> [Instructions for the task] The entries that follow include a run beginning at the line with "I'm also showing" and ending at the line with "Euclid's Elements is"; restate that run word for word and leave the rest out.
++++ Extracted data ++++
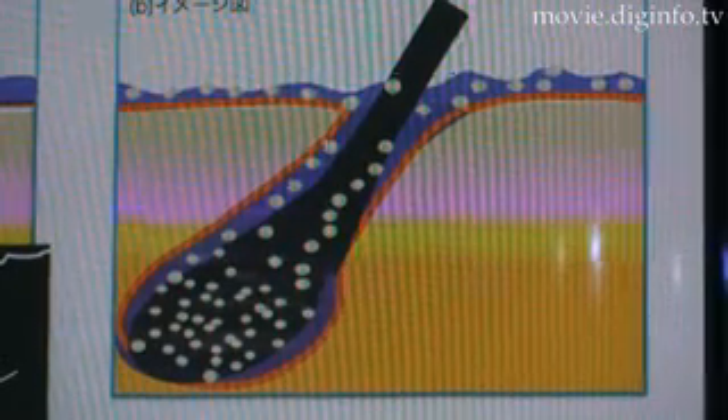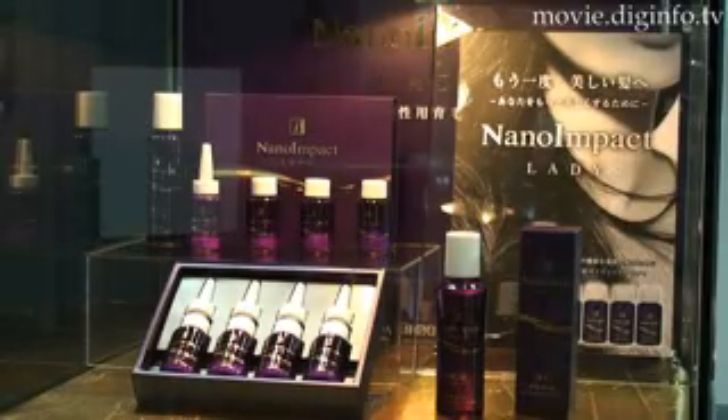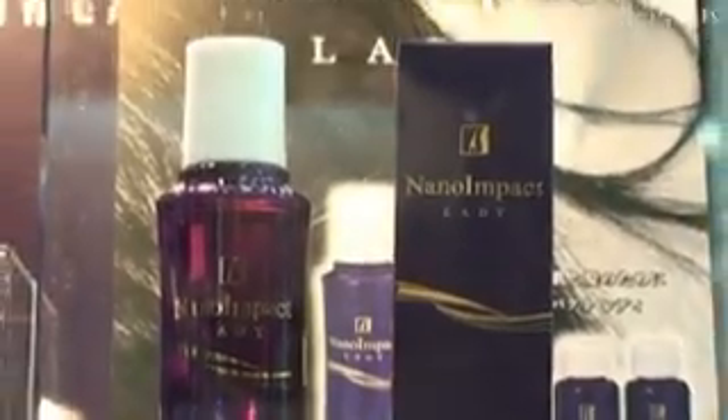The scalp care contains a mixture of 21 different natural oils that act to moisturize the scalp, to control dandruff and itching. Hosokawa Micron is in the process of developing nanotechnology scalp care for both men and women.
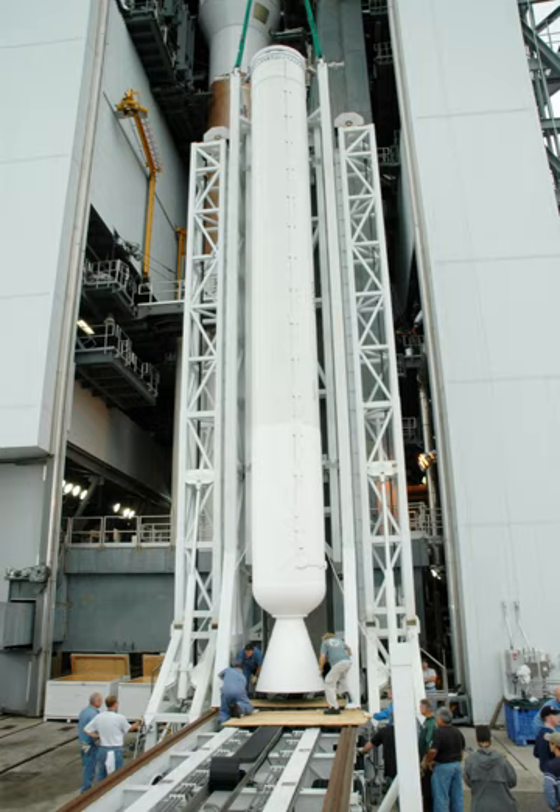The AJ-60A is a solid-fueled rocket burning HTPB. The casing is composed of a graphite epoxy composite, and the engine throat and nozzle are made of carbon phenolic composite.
++++
++++ Extracted data ++++
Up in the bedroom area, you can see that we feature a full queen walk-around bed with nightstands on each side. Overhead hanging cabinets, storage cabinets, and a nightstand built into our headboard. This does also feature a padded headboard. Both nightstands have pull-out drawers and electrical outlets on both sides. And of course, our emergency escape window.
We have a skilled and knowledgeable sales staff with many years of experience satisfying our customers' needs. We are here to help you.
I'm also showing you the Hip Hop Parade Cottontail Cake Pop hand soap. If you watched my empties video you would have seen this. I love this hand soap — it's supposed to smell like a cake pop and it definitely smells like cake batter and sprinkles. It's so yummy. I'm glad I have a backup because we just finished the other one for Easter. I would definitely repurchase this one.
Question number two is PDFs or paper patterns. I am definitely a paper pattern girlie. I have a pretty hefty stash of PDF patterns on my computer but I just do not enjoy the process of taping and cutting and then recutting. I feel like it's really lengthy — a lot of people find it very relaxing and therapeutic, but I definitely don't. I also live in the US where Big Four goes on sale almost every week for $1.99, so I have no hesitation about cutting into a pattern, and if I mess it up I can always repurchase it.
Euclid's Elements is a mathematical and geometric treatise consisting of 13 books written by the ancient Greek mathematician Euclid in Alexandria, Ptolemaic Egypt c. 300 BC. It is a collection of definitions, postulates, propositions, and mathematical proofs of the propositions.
++++
> [Response area]
I'm also showing you the Hip Hop Parade Cottontail Cake Pop hand soap. If you watched my empties video you would have seen this. I love this hand soap — it's supposed to smell like a cake pop and it definitely smells like cake batter and sprinkles. It's so yummy. I'm glad I have a backup because we just finished the other one for Easter. I would definitely repurchase this one.
Question number two is PDFs or paper patterns. I am definitely a paper pattern girlie. I have a pretty hefty stash of PDF patterns on my computer but I just do not enjoy the process of taping and cutting and then recutting. I feel like it's really lengthy — a lot of people find it very relaxing and therapeutic, but I definitely don't. I also live in the US where Big Four goes on sale almost every week for $1.99, so I have no hesitation about cutting into a pattern, and if I mess it up I can always repurchase it.
Euclid's Elements is a mathematical and geometric treatise consisting of 13 books written by the ancient Greek mathematician Euclid in Alexandria, Ptolemaic Egypt c. 300 BC. It is a collection of definitions, postulates, propositions, and mathematical proofs of the propositions.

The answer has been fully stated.